En unas semanas se cumplirá un año de la conferencia de prensa en la que un acongojado Bruno Villalobos, general director de Carabineros, reveló un fraude dentro de su institución que estaba bajo la investigación del Ministerio Público. En ese momento, Villalobos anunció el retiro de nueve oficiales y estableció la cifra defraudada en 600 millones de pesos. Dijo, además, que "nosotros, como institución, estamos dolidos". La impresión inicial era la de un general que, avergonzado por el mal comportamiento de algunos de sus subordinados, enfrentaba a la opinión pública y daba a conocer un robo puntual, una deshonra cuyas raíces serían extirpadas en un plazo breve. Era un gesto que incluso pudo haber sido ejemplar en una época de descrédito de las instituciones.
Sin embargo, pasaron las semanas, la cifra de dinero se elevaba y la cantidad de oficiales involucrados llenaba una sala de audiencia. Había detalles que generaban aún más extrañeza, detalles como que durante el período en que comenzaron los hechos, el general Villalobos estaba a cargo de la Unidad de Inteligencia de esa policía, es decir, bajo sus narices una extensa red de subordinados defraudaba y él nunca había caído en cuenta. A simple vista, ese dato sugería algo sobre la calidad de su desempeño profesional.

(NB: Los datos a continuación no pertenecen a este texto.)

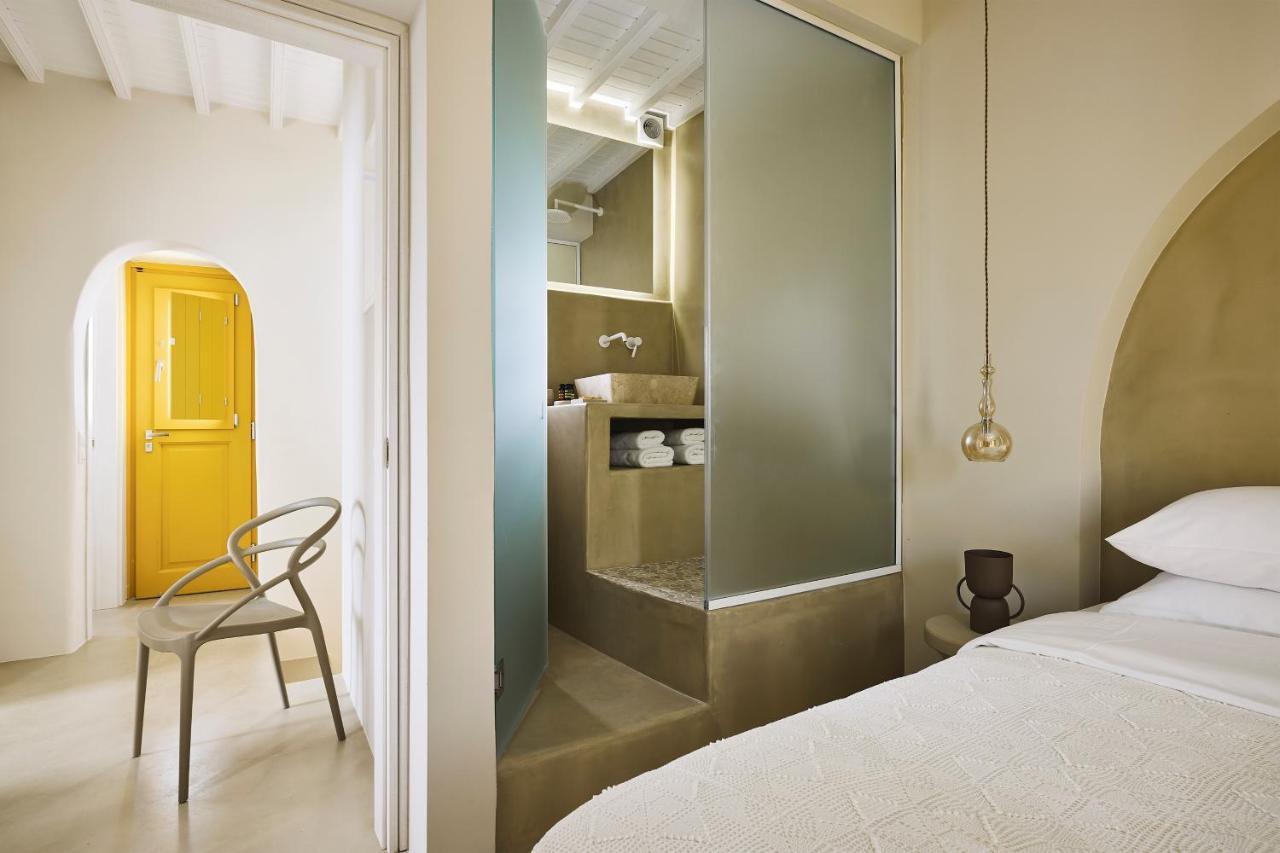 Vakantiehuis Elaia Luxury Mykonos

En la medida en que transcurrían los meses, la prensa mostraba el desenfado con el que durante años los oficiales imputados disfrutaron de un dinero que no era el suyo sin que, aparentemente, a ninguno de sus superiores les inquietara. Aparecían descritos estilos de vida de una exuberancia ridícula para un uniformado que vive de su sueldo. Los medios recordaban, además, las numerosas alertas que durante años indicaban que algo sospechoso estaba sucediendo dentro de Carabineros, sin que nadie tomara acciones concretas. El general Villalobos entonces cambió el tono. De la congoja pasó a la molestia y desde un patio de La Moneda, con el ministro del Interior a su lado, increpó a los periodistas que le pedían explicaciones sobre el monto defraudado, que a estas alturas se acerca a los 30 mil millones de pesos.

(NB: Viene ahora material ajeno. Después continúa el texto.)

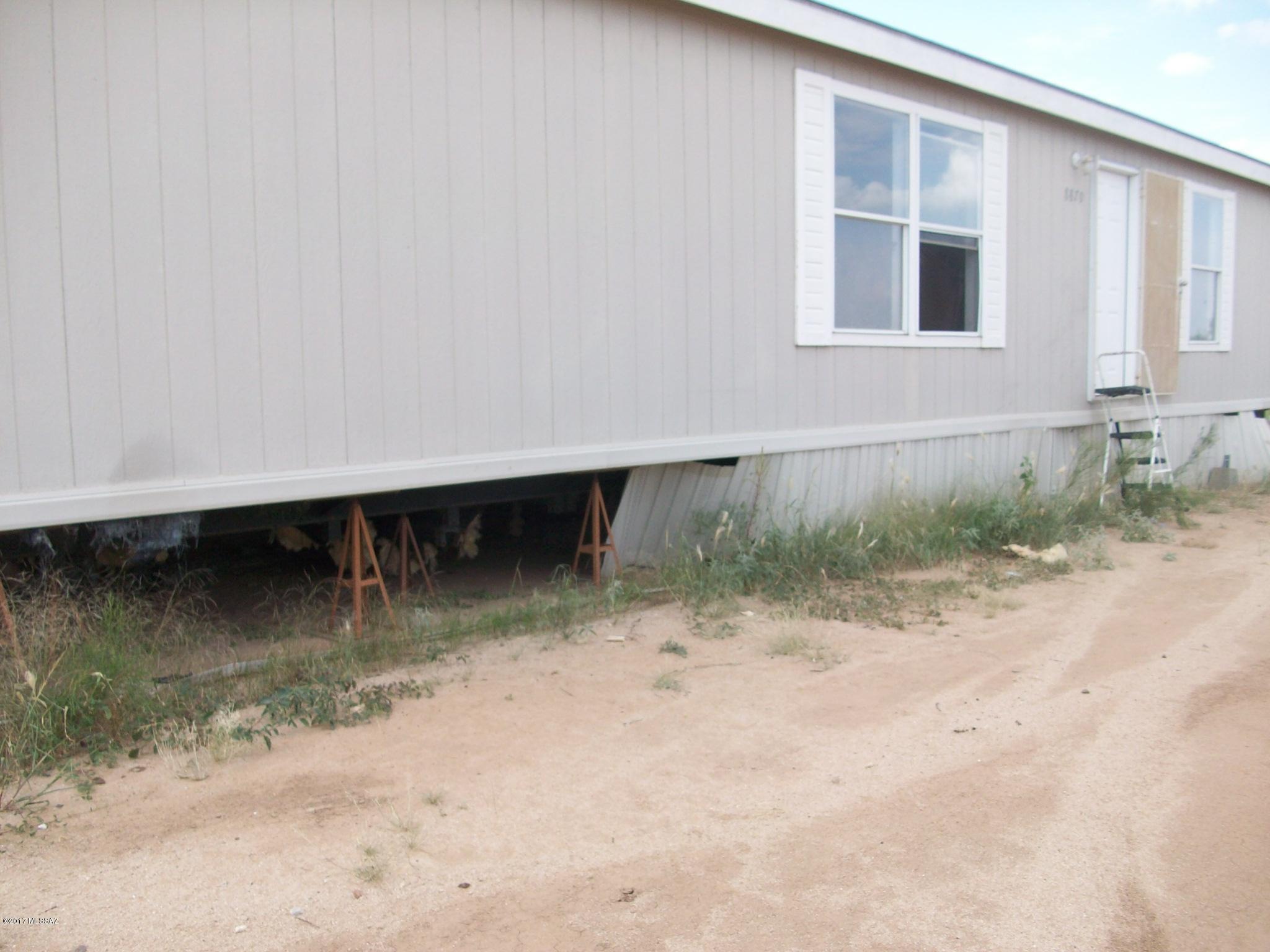 8870 South Marstellar Road Tucson, AZ 85736 - Photo 7 of 7 Gallery Image 7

Con el caso del multimillonario fraude aún pendiente, esta semana la Fiscalía de Temuco acusó a la Unidad de Inteligencia de Carabineros de manipular pruebas en contra de las personas detenidas durante la llamada Operación Huracán. La manipulación incluye la elaboración de diálogos por mensajería de texto que fueron reproducidos profusamente por los medios. Esas conversaciones, llenas de sugerencias deshilachadas sobre dinero, incendios y encuentros clandestinos, habrían sido plantadas por los propios funcionarios de Carabineros de manera chapucera. Todo indica que era fácil descubrir que nunca interceptaron diálogo alguno, porque -con los aparatos requisados y las aplicaciones que se exhibían- era imposible hacerlo. Esto se suma a incidentes en que Carabineros ha disparado a jóvenes mapuches desarmados, incluso por la espalda, sin que esto les signifique mayor contratiempo.
En virtud de la evidencia, el Ministerio Público decidió dar término a la Operación Huracán. Carabineros, en tanto, en lugar de guardar silencio o dar explicaciones, asumió una actitud parecida a la que tuvo el general director Villalobos cuando increpó a los periodistas que le preguntaban sobre los detalles del desfalco en La Moneda. Esta vez fue el jefe de Inteligencia, Gonzalo Blu, el encargado de manifestar su desagrado, como si su rol fuera el de hacer callar a los insolentes.
En una declaración de Blu sembró la suspicacia en contra de la fiscalía y manifestó su molestia por el fin de la Operación Huracán. Habló sin moderación alguna. Blu dijo: "Es preocupante que una investigación de ocho meses se pretenda cerrar con otra de tres semanas". Más preocupante es el grado de tolerancia que parece tener una institución a las irregularidades, el mediocre resultado de sus investigaciones, la impudicia con que sus oficiales desdeñan las pruebas frente a las que deberían dar cuenta y el tono amenazante con el que la policía uniformada está relacionándose con la opinión pública y la ciudadanía, a la que debería procurar servir en lugar de intimidar.